Reconciliation belongs to all of us. The National Council for Reconciliation invites everyone across Canada to take part in this shared journey towards lasting change.
The National Council for Reconciliation (NCR) is an independent, non-political, permanent, and Indigenous-led organization whose purpose is to advance reconciliation between Indigenous and non-Indigenous Peoples.
We work in service of the accountability that Survivors, First Nations, Inuit, and Métis Peoples have called for over generations, while helping make reconciliation progress visible to all people in Canada.
That mandate was demanded by Survivors and enshrined by the Truth and Reconciliation Commission of Canada (TRC). When the TRC concluded its work in 2015, it didn’t simply bear witness to the harms of residential schools and colonialism. Through its 94 Calls to Action, the TRC laid out a clear path toward accountability, naming specific legislative and funding mechanisms required to make monitoring real and permanent. Calls to Action 53 through 56 called for the establishment of a permanent, independent, Indigenous-led organization to monitor, evaluate, and publicly report on reconciliation progress across Canada.
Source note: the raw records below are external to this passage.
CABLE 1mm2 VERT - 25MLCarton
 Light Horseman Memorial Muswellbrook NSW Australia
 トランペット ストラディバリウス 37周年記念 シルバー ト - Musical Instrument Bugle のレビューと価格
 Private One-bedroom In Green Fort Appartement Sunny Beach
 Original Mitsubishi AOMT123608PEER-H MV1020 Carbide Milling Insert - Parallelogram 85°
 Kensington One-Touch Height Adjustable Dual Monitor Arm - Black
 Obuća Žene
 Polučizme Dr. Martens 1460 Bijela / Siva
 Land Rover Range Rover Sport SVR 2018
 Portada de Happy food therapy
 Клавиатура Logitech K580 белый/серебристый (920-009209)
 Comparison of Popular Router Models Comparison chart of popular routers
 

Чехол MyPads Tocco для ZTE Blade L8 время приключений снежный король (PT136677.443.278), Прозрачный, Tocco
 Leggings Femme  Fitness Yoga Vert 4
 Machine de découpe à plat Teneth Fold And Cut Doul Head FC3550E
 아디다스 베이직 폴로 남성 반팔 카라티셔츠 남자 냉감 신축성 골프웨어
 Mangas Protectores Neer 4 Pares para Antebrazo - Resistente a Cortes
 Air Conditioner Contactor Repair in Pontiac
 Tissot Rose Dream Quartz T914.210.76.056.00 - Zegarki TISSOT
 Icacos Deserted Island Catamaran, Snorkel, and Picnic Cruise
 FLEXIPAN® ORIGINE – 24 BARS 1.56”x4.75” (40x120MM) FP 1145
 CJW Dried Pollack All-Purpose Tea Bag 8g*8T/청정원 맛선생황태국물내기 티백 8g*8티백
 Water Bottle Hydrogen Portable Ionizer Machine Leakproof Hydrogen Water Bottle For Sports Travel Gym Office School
Bill C-29 (An Act to provide for the establishment of a national council for reconciliation), was introduced in Parliament in June 2022.
The National Council for Reconciliation Act received Royal Assent on April 30, 2024, and came into force on July 2, 2024, fulfilling Call to Action 53 and laying the foundation to address Calls to Action 54, 55, and 56.
The Act establishes the Council's independence from government, requires public reporting to Parliament, and ensures that reconciliation monitoring has a permanent legislative foundation and cannot be paused, redirected, or dissolved by political change. It creates the permanent, accountable structure Survivors envisioned, one that will uphold the work of reconciliation for generations.